Bem, gostaria de dizer alguns sinais pelos quais vemos o Reino se instalando entre nós. Levo em consideração muito da sociologia contemporânea e quase nada do que essas esperanças aí de cima almejam:
- As causas pelas quais viemos morrendo, todas em busca de um reino mundano, estão em falência: a igreja, a causa revolucionária, a pátria;
- A família vem se tornando cada vez menor, e os pais se dedicando com mais afinco e amor aos poucos filhos. Eles passam a ser nosso motivo de sacrifício;
- As barreiras das nações vem se pulverizando e tornando o encontro entre povos cada vez mais fácil (e difícil). O desafio, nos diz Zygmund Bauman, é construir, como nunca antes na história da humanidade, uma "comunidade da humanidade";
- A nossa identidade de povo vem se tornando mais fluida, e cada vez mais tendo de aceitar o outro em nós, tentando entender qual o espaço que ele pode (deve?) ocupar aqui dentro;
- A liquidez do mundo vem servindo para relativizar as crenças e destronar as castas;
- O conhecimento vem se tornando de todos e cada vez mais sendo entregue para que todos descubramos juntos o que vale a pena;
- A preocupação ética entrou nos imperativos da ciência e não tem mais como sair;
- A filosofia, em toda parte, vem resgatando os sentidos das grandes espiritualidades de todos os tempos. O terceiro milênio será da espiritualidade (laica ou não) ou não será. Mesmo o materialismo, inimigo dos espiritualistas há tanto tempo, procura o espírito, a seu modo;
- Aumenta-se a busca das pessoas pelos valores do espírito, por isso que as reflexões morais e metafísicas (sobre o bem, sobre o mal, sobre a felicidade) voltam a chamar a atenção. No meio do século passado era a política. Já não mais;
Esse movimento não vem se instalando sob os cuidados de qualquer oligarquia. As inovações nascidas do espírito humano cavalgam sem rédeas, espaço perfeito para atuação de inteligências supremas.

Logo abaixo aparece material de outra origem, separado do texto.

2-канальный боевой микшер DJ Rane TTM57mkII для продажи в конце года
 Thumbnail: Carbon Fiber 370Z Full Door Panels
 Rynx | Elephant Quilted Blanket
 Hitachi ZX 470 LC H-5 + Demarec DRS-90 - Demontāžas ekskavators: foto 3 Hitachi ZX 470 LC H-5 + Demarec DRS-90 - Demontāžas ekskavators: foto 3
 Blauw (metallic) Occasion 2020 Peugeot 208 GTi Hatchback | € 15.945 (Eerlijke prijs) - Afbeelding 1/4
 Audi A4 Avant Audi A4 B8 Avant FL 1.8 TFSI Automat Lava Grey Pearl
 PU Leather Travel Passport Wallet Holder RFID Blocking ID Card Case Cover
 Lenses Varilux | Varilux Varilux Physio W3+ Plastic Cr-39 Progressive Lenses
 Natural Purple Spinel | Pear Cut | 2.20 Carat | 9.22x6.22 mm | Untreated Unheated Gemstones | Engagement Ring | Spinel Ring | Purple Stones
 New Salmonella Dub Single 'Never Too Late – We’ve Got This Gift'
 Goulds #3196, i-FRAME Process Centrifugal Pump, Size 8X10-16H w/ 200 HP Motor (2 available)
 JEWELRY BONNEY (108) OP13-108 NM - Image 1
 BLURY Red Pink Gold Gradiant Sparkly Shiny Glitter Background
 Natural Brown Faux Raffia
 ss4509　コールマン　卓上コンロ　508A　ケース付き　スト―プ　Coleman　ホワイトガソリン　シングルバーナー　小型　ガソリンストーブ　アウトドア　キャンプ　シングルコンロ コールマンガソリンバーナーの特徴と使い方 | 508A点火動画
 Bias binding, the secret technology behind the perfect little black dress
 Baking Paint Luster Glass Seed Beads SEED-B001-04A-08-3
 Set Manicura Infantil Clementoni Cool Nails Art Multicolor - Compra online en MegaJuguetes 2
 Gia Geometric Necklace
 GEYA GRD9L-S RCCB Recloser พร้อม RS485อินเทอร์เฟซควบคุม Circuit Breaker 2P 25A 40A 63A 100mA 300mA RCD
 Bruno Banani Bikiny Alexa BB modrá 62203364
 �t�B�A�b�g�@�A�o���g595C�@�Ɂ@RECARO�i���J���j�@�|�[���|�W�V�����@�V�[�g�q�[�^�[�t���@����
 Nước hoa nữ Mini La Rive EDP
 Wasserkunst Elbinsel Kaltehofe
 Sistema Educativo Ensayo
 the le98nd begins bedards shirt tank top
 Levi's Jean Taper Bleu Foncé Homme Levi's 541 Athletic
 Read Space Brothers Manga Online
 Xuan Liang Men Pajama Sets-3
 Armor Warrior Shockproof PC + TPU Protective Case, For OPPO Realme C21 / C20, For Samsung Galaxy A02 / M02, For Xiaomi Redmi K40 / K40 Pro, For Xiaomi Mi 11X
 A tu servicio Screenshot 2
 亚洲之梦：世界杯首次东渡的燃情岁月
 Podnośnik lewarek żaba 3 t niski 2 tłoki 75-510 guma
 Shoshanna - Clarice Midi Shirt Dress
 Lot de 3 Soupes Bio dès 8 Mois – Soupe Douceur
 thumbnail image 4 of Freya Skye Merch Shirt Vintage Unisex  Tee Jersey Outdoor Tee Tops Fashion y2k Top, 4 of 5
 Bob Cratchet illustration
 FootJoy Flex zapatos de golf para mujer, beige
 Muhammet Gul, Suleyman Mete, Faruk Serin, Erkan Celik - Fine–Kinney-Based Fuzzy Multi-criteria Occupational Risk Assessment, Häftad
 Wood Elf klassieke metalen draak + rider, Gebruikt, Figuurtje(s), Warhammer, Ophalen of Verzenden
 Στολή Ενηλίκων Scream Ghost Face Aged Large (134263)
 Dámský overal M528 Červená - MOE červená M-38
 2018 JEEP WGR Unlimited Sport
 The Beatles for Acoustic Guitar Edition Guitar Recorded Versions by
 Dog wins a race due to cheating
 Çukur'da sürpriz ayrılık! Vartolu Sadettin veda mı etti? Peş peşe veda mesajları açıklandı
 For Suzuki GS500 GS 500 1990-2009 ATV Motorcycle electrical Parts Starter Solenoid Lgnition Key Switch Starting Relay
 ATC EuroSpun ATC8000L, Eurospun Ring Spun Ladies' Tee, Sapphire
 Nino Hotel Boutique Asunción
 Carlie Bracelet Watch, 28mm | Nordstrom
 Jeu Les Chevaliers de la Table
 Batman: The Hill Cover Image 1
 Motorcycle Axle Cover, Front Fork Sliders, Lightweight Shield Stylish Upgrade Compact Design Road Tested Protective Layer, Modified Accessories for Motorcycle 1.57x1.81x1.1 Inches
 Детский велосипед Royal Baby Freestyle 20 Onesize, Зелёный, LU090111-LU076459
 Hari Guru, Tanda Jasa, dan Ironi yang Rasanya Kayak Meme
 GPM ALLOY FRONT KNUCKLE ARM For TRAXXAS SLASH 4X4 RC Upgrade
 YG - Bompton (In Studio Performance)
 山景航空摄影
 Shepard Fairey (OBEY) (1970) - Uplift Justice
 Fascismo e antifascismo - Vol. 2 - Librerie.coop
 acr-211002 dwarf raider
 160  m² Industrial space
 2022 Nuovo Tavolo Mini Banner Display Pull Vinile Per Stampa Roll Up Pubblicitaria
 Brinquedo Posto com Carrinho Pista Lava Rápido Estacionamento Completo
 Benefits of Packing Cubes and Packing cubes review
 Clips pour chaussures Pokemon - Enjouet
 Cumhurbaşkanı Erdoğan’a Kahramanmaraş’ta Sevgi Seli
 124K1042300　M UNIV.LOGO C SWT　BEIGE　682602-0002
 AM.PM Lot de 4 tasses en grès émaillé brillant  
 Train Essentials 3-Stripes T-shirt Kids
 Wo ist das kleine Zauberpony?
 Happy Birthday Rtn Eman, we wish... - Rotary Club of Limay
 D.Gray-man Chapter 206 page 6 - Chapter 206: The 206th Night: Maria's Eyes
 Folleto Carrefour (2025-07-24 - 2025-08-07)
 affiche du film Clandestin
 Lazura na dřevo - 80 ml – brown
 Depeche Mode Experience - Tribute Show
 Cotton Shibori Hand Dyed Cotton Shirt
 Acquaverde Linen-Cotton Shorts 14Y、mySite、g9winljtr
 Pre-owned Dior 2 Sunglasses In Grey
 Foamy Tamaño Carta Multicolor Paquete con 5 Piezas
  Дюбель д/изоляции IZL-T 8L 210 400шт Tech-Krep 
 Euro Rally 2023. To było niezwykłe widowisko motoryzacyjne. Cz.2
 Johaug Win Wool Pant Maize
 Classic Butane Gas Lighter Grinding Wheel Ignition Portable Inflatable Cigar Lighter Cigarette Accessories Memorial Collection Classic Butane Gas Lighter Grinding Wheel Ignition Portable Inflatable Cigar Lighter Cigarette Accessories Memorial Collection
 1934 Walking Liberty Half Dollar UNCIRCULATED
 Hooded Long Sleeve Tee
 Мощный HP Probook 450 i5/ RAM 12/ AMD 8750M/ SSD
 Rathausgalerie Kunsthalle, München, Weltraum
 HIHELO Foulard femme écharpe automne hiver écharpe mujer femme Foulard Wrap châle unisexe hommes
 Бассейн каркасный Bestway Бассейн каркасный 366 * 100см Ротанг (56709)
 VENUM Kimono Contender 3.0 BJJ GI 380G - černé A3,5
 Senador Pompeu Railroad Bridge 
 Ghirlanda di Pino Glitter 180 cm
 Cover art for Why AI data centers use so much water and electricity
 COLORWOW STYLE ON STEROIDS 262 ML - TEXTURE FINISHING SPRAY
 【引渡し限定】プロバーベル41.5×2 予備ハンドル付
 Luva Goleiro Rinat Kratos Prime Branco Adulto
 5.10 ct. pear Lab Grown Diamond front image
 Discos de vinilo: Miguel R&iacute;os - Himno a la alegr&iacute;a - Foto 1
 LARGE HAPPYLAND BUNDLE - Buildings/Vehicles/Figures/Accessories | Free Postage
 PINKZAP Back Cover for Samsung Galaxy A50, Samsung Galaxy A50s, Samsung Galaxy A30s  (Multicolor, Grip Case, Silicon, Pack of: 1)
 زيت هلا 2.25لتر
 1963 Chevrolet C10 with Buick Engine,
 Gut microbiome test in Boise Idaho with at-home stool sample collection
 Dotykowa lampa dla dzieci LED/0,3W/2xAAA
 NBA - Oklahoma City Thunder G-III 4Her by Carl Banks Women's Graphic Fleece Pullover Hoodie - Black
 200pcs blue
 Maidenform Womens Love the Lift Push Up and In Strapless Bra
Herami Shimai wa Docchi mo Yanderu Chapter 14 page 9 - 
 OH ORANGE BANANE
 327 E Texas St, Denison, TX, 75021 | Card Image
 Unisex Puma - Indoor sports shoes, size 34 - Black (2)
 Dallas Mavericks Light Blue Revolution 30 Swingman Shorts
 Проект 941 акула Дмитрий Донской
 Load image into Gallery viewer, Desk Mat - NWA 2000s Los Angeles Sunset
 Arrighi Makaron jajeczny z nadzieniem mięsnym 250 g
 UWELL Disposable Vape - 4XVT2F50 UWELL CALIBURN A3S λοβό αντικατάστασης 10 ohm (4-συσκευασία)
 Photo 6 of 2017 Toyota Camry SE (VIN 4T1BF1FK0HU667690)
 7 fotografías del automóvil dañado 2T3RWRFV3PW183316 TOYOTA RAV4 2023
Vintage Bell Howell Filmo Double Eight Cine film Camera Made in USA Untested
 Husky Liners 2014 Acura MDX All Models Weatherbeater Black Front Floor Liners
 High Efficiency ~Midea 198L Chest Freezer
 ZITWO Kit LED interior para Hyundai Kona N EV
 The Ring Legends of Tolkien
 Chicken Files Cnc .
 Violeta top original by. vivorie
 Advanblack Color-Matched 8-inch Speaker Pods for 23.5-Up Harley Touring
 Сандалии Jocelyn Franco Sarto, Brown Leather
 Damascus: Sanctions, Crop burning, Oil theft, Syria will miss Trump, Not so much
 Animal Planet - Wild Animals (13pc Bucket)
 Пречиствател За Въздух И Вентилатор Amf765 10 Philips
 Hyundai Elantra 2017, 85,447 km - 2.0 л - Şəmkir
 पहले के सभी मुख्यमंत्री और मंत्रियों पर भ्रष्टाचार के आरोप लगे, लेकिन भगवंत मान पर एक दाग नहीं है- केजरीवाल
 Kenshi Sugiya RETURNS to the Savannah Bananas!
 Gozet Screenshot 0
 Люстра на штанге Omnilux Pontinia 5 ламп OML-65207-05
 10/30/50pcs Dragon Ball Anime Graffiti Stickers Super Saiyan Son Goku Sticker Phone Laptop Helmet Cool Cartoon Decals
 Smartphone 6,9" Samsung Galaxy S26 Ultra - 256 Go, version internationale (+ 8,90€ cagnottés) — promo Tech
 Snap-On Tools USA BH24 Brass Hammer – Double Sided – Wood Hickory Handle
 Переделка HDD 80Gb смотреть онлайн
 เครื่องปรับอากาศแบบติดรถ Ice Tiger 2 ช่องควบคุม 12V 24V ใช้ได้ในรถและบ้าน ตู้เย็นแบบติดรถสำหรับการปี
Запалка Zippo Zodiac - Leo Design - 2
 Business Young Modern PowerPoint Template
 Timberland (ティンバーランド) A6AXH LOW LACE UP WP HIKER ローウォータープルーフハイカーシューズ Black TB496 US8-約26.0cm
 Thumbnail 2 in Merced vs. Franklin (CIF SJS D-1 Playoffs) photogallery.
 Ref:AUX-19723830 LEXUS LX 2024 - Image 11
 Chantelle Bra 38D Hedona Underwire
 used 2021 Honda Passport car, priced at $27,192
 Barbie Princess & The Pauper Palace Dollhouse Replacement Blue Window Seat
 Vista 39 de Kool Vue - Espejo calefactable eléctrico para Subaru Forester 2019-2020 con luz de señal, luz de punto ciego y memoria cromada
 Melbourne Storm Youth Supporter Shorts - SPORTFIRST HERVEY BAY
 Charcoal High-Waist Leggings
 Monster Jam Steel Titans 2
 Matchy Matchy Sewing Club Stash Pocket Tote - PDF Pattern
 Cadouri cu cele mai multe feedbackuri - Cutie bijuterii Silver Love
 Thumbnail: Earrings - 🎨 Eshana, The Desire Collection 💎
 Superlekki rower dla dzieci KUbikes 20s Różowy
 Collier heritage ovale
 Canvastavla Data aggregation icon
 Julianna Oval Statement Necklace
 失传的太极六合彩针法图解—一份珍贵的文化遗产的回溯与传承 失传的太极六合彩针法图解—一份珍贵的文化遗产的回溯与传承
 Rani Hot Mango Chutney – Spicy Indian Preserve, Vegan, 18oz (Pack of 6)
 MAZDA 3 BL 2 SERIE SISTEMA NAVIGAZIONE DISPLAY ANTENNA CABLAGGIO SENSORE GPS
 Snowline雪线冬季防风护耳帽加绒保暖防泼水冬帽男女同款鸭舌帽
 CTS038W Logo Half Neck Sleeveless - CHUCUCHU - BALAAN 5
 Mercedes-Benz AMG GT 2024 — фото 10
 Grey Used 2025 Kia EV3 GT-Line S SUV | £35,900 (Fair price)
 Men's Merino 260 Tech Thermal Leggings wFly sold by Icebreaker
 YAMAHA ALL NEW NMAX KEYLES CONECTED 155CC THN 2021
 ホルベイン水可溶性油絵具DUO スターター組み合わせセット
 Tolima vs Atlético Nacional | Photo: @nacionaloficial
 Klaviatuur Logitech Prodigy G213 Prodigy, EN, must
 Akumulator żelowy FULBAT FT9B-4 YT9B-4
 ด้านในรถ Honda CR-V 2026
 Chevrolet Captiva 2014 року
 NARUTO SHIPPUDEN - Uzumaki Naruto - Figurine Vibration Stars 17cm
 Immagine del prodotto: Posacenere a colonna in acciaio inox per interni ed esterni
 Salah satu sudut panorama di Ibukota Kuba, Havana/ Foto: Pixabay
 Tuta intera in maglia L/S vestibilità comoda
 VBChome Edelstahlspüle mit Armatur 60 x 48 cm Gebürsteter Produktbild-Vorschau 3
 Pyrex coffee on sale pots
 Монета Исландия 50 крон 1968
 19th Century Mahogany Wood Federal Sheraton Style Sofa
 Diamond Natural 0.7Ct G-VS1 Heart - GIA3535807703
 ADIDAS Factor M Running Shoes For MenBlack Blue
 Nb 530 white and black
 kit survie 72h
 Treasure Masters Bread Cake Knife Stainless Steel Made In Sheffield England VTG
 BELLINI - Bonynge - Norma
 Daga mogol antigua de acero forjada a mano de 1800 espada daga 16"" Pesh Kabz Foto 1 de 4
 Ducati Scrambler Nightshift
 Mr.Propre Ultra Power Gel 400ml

Os socialistas abominam o mercado, mas querem construir a própria ditadura, assumindo as rédeas da história (e da economia) com a própria concepção de "o que deve ser o mundo melhor", ignorando a grandeza de cada indivíduo singular. As pessoas vêem estarrecidas novos extrema-direita subir ao trono, mas tudo é fruto do medo da maioria de se deixar abrir. E vêm a xenofobia e as leis de proteção e insulamento. Era o que Herculano Pires chamava de "os atalhos do Reino". Mas, o céu não se conquista de assalto.
A história da humanidade pendula entre a genialidade de um povo (e o seu individualismo egoísta conseqüente) e o sentimento de pátria (e a massificação embrutecedora necessária para isso). É o desejo de liberdade de um lado e a busca de segurança de outro. Grosso modo, Atenas e Esparta. O Espiritismo aplaude o gênio e o esforço intelectual, o avanço da tecnologia, pois. Mas, espera o crescimento moral para o restabelecimento dos laços fraternos entre as pessoas. Nossa esperança e esforço, portanto, é a síntese desses dois extremos.
Não já há perfeição. Falta um tanto. Esclarecia Kardec, contudo, que "o que nos parece perturbações são os movimentos parciais e isolados que só nos parece irregulares porque nossa visão é circunscrita." Isso é um jogo de xadrez. Jesus e suas potestades contra os homens que sobem a própria ganância ao topo do mundo. Aos poucos, com tranquilidade, vai colocando os valores caducos em xeque.